The intercept theorem is closely related to similarity. It is equivalent to the concept of similar triangles, i.e. it can be used to prove the properties of similar triangles and similar triangles can be used to prove the intercept theorem. By matching identical angles you can always place two similar triangles in one another so that you get the configuration in which the intercept theorem applies; and conversely the intercept theorem configuration always contains two similar triangles.

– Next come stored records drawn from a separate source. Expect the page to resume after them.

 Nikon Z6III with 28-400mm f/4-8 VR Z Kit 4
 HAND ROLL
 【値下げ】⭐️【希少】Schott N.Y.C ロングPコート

### Scalar multiplication in vector spaces

In a normed vector space, the axioms concerning the scalar multiplication (in particular ${\displaystyle \lambda \cdot ({\vec {a}}+{\vec {b}})=\lambda \cdot {\vec {a}}+\lambda \cdot {\vec {b}}}$ and ${\displaystyle \|\lambda {\vec {a}}\|=|\lambda |\cdot \ \|{\vec {a}}\|}$) are assuring that the intercept theorem holds. One has ${\displaystyle {\frac {\|\lambda \cdot {\vec {a}}\|}{\|{\vec {a}}\|}}={\frac {\|\lambda \cdot {\vec {b}}\|}{\|{\vec {b}}\|}}={\frac {\|\lambda \cdot ({\vec {a}}+{\vec {b}})\|}{\|{\vec {a}}+{\vec {b}}\|}}=|\lambda |}$

## Applications

### Algebraic formulation of compass and ruler constructions

There are three famous problems in elementary geometry which were posed by the Greeks in terms of Compass and straightedge constructions:[2]

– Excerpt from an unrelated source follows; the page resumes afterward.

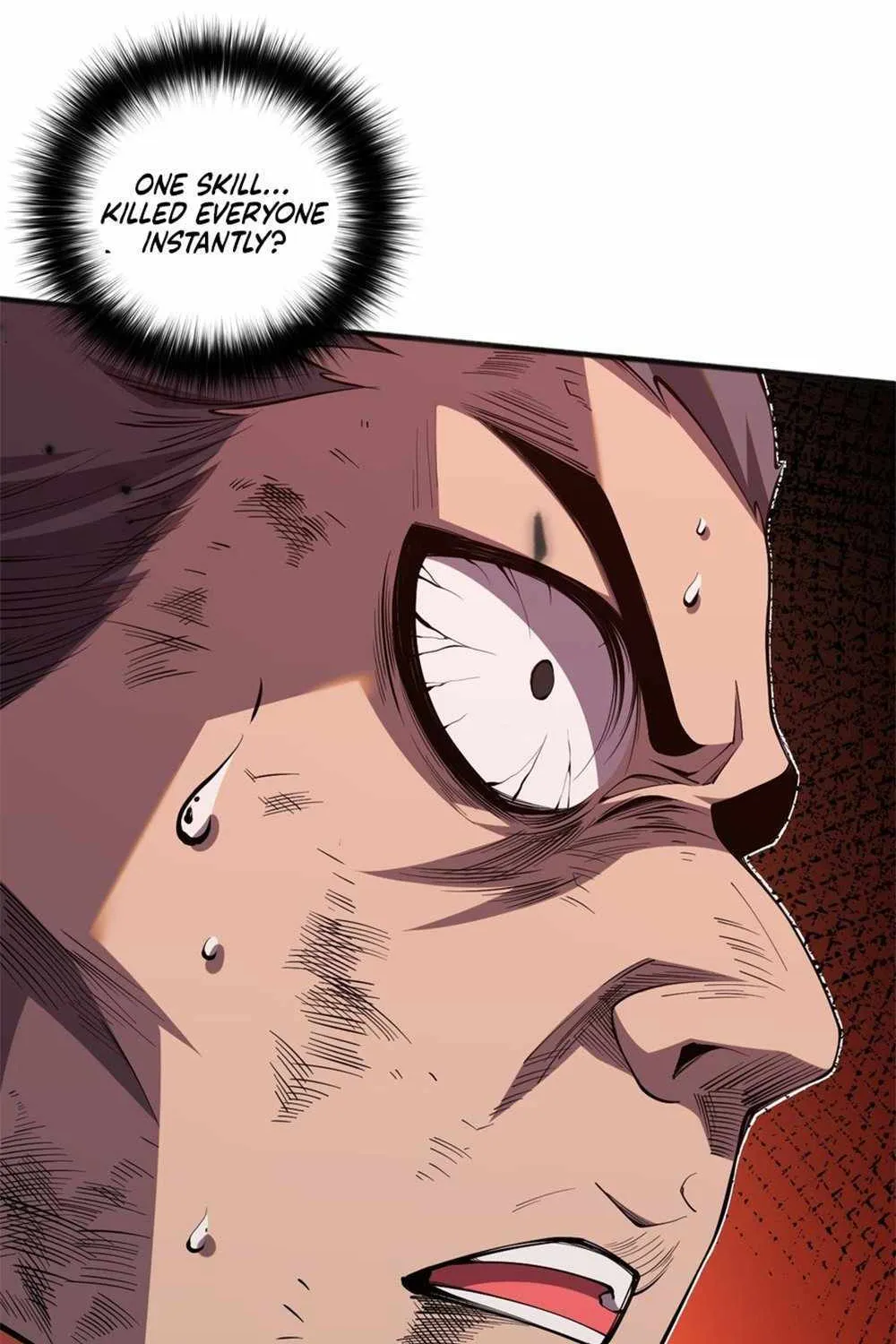 Catastrophic Necromancer Chapter 72 page 25 -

Their solution took more than 2000 years until all three of them finally were settled in the 19th century using algebraic methods that had become available during that period of time. In order to reformulate them in algebraic terms using field extensions, one needs to match field operations with compass and straightedge constructions. In particular it is important to assure that for two given line segments, a new line segment can be constructed such that its length equals the product of lengths of the other two. Similarly one needs to be able to construct, for a line segment of length ${\displaystyle d}$, a new line segment of length ${\displaystyle d^{-1}}$. The intercept theorem can be used to show that in both cases such a construction is possible.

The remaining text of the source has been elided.